Non stupisce, quindi, che un giovane cantautore abbia scelto di raffigurare questo elemento nell’artwork del suo disco, adattandolo alle proprie esigenze artistiche e personali. Sulla copertina di Yellow House, l’album di Nic Gyalson uscito lo scorso 5 maggio 2023, campeggiano non una, bensì tre porte, di colore giallo, in coerenza con il titolo del lavoro. Il protagonista dell’immagine, il musicista stesso, è seduto in un angusto pianerottolo, dando le spalle alle tre aperture/chiusure. All’idea sopra citata di valicare un confine verso uno spazio non conosciuto, quindi, si aggiunge qui la componente della “scelta”: esse possono infatti rappresentare tre alternative. Dietro di loro potrebbero esserci, semplicemente, tre diversi locali, ma molto probabilmente non sarà così. È superfluo osservare, infatti, che il 3 è un numero magico, pertanto la decisione di sceglierne una potrebbe avere conseguenze decisive… ma quali? Per rispondere a questo ed altri interrogativi, rimando all’analisi completa dell’artwork reperibile sul sito artovercovers.com:
Si può notare come alla terza porta sia appoggiata una chitarra, a voler simboleggiare la musica, la migliore compagna in tutti i frangenti dell’esistenza: per tornare a Jim Morrison e all’allargamento egli orizzonti individuali, “Music is your only friend until the end” cantava il Re Lucertola in When the Music’s Over. Lo stesso Gyalson considera Morrison uno dei suoi punti di riferimento artistici e musicali. Nella copertina di Yellow House i tre elementi gialli potrebbero rappresentare altrettante tappe evolutive, vale a dire passato, presente e futuro; tre porte “della percezione”, quindi, a voler esprimere la visione della realtà di Nic e il suo tentativo di raggiungere, come nei varchi metaforici evocati dal visionario poeta inglese, la propria autenticità personale e musicale.

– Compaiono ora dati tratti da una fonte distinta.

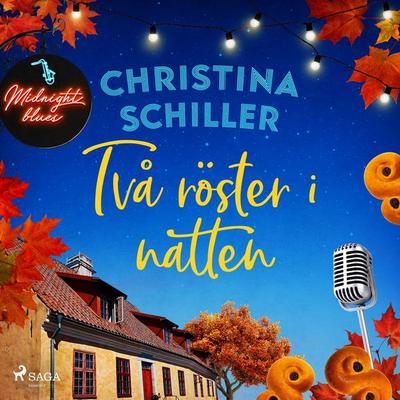 Två röster i natten - Christina Schiller, Audio, 9788728570524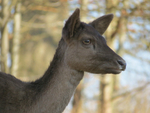 Fallow Deer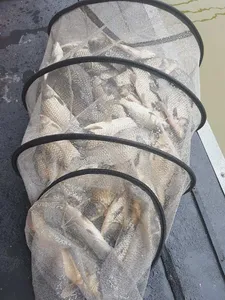 빗소리 요란했던 7월첫주말조황소식-오목지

Volendo attualizzare nell’esperienza quotidiana l’aforisma di Blake, potremmo concludere affermando che “purificare le porte della percezione” potrebbe significare astenersi da ogni pregiudizio ed accostarsi alla realtà, combinando conoscenza sensoriale e intuizione e lasciandosi stupire da ogni evento e dalla manifestazione dell’infinito in ogni elemento di realtà, per cogliere la propria intima connessione con l’Universo. In questo modo, le “porte” di ciascun individuo si apriranno verso l’infinità, a scoprire la fusione e l’identità di umano e divino: un percorso, questo, indagato da molti artisti, poiché l’arte e la musica contribuiscono a rendere ancora più chiara ed immediata questa forma di consapevolezza.